▶ [RECORDS TO PROCESS]
•••••

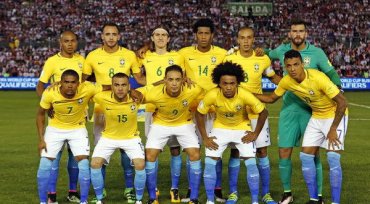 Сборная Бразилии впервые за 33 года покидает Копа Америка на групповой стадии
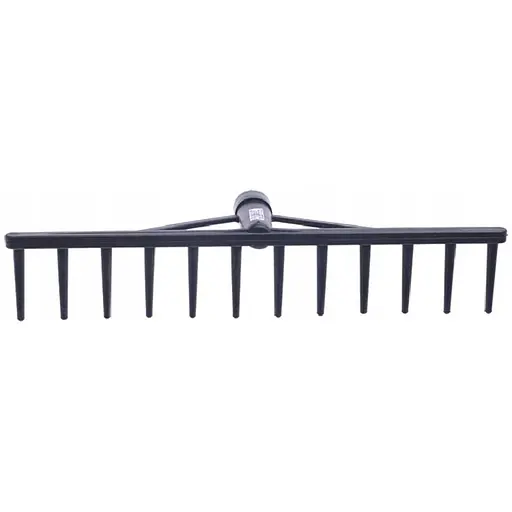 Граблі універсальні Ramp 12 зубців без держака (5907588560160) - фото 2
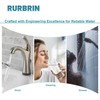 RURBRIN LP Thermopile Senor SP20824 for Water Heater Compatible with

•••••

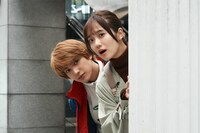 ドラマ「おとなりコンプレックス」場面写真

•••••

▶ [EXERCISE REQUIREMENTS]
Exact copy, no pictures. Write out the lines in the entries above, starting with the line with "Сборная Бразилии впервые" and going on through the line with "RURBRIN LP Thermopile", keeping both.

▶ [EXERCISE RESPONSE]
 Сборная Бразилии впервые за 33 года покидает Копа Америка на групповой стадии
 Граблі універсальні Ramp 12 зубців без держака (5907588560160) - фото 2
 RURBRIN LP Thermopile Senor SP20824 for Water Heater Compatible with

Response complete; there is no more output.